→ **WHAT YOU SHOULD DO**
In the data below, find the line with "2011 CADILLAC CTS" and output it along with every later line, exactly, but not the pictures.

→ **INPUT**
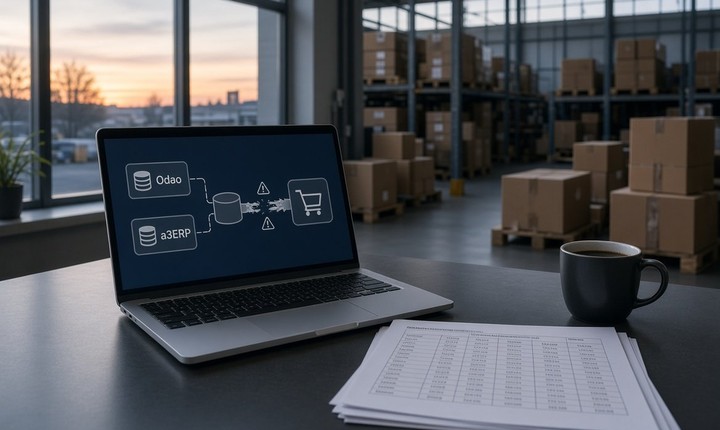 El desarrollo a medida entre tu ERP y Amazon que nadie mantiene 🔧 El desarrollo a medida entre tu ERP y Amazon que nadie mantiene 🔧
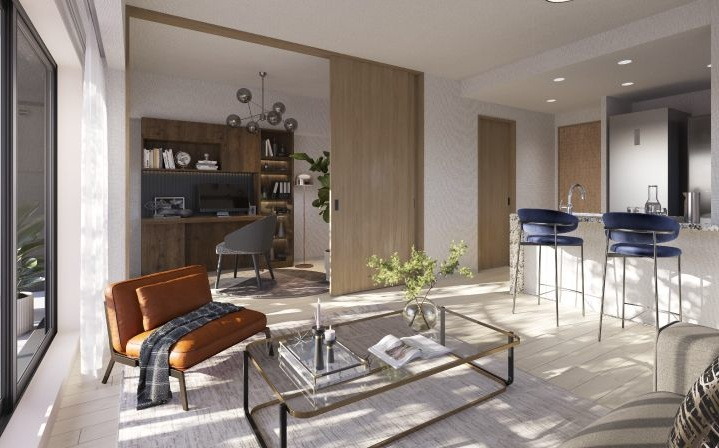 LIVING DINING KITCHEN（Dタイプ）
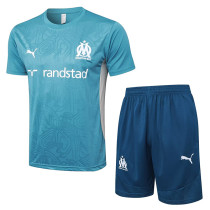 24/25 Marseille Sky Blue Training Short Suit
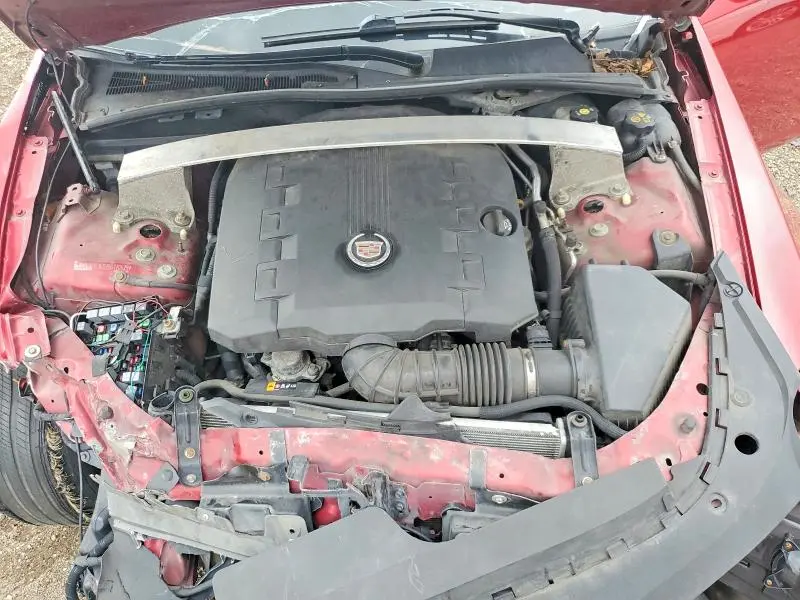 2011 CADILLAC CTS   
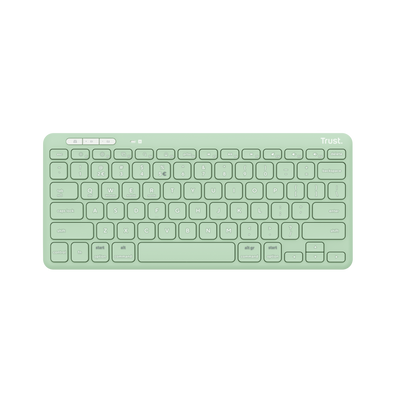 Lyra Compact Wireless Keyboard - Green-Top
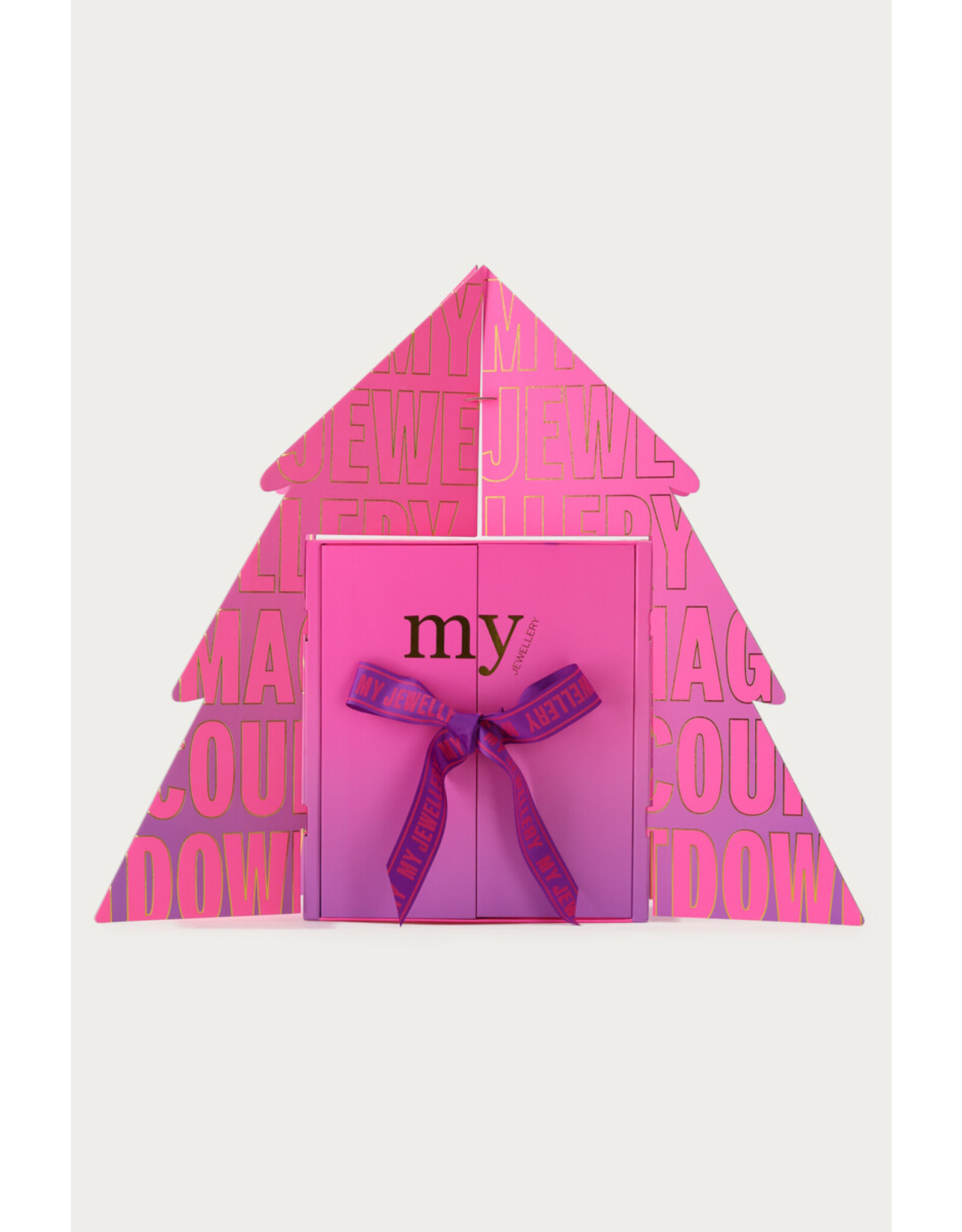 MY Jewellery My Jewellery Adventcalender - Goud Groot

→ **ANSWER FOR THIS EXERCISE**
 2011 CADILLAC CTS   
 Lyra Compact Wireless Keyboard - Green-Top
 MY Jewellery My Jewellery Adventcalender - Goud Groot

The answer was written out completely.